▶ [Data shown]:
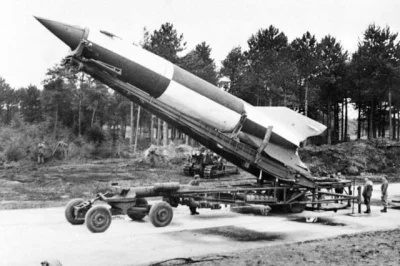 MrPerfetc - #lublin #lsm Ustawianie rakiety na placu z rakietą( ͡° ͜ʖ ͡°)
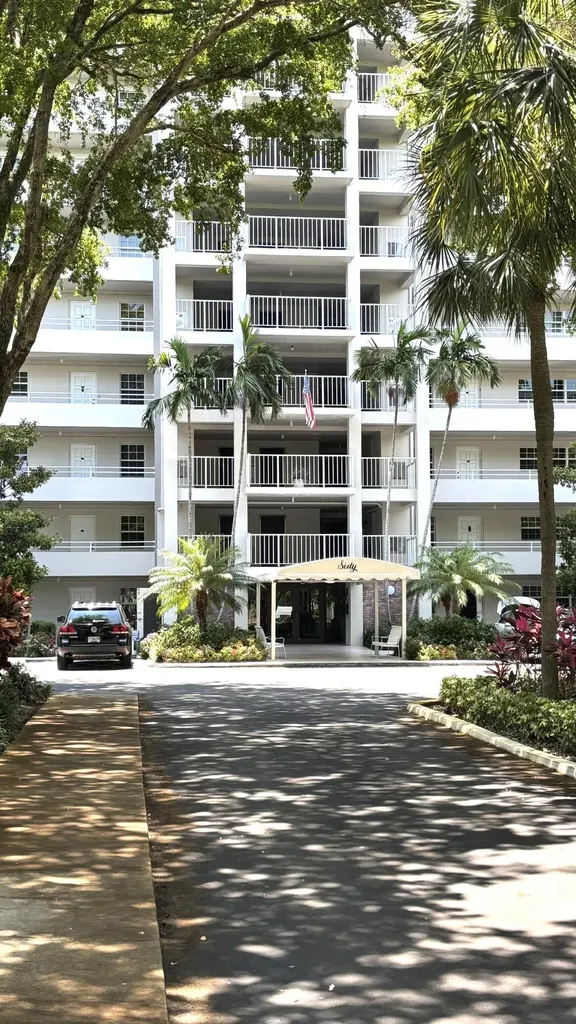 605 Oaks Drive Pompano Beach FL 33069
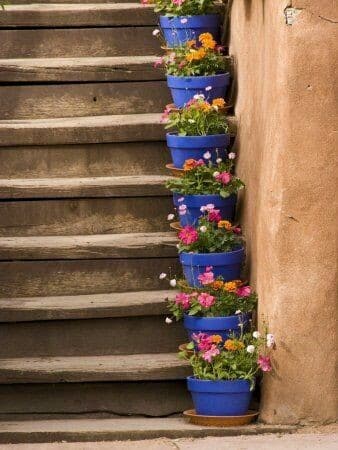 creative ideas for decorating stairs with vases 1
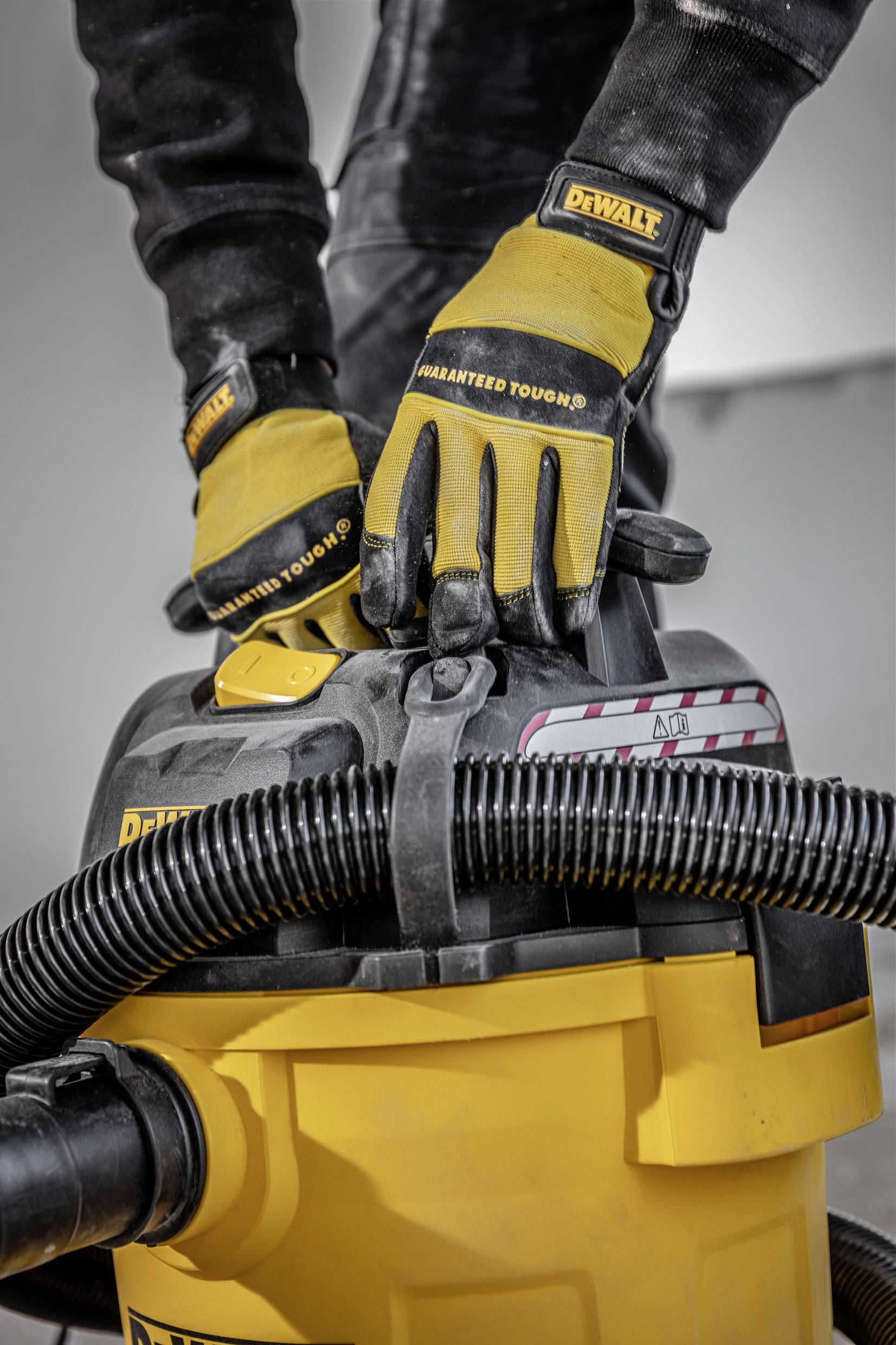 DEWALT DXV20PB Nass-/Trockensauger 1050W 20l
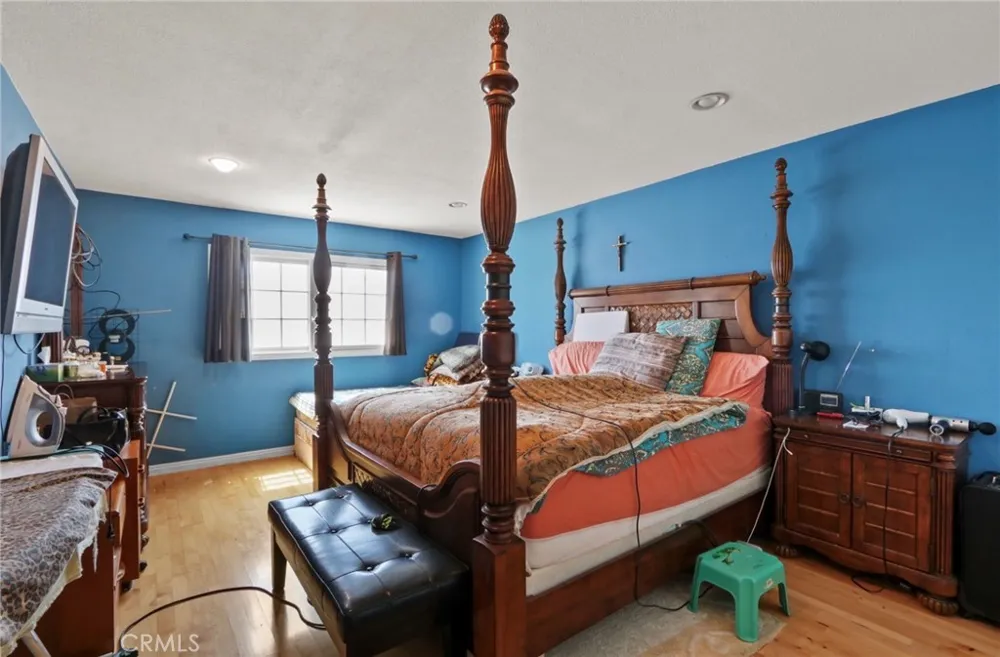 3561 Venture Drive Huntington Beach, CA 92649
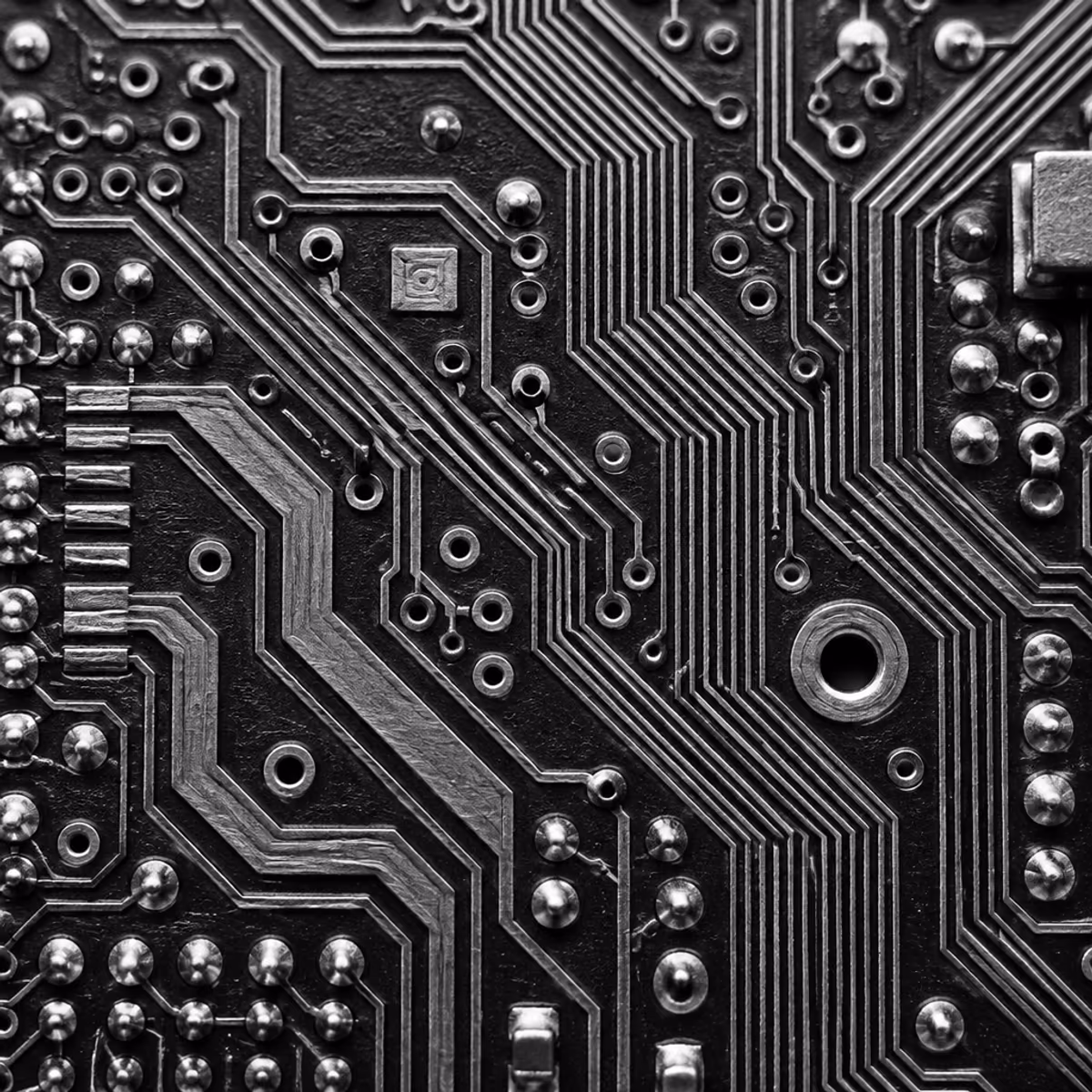 Macro in bianco e nero delle tracce di un circuito stampato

▶ [Your goal]: Only what runs from the line with "creative ideas for" through the last line of the listing above belongs in the answer, set down exactly and free of pictures.

▶ [Answer section]:
 creative ideas for decorating stairs with vases 1
 DEWALT DXV20PB Nass-/Trockensauger 1050W 20l
 3561 Venture Drive Huntington Beach, CA 92649
 Macro in bianco e nero delle tracce di un circuito stampato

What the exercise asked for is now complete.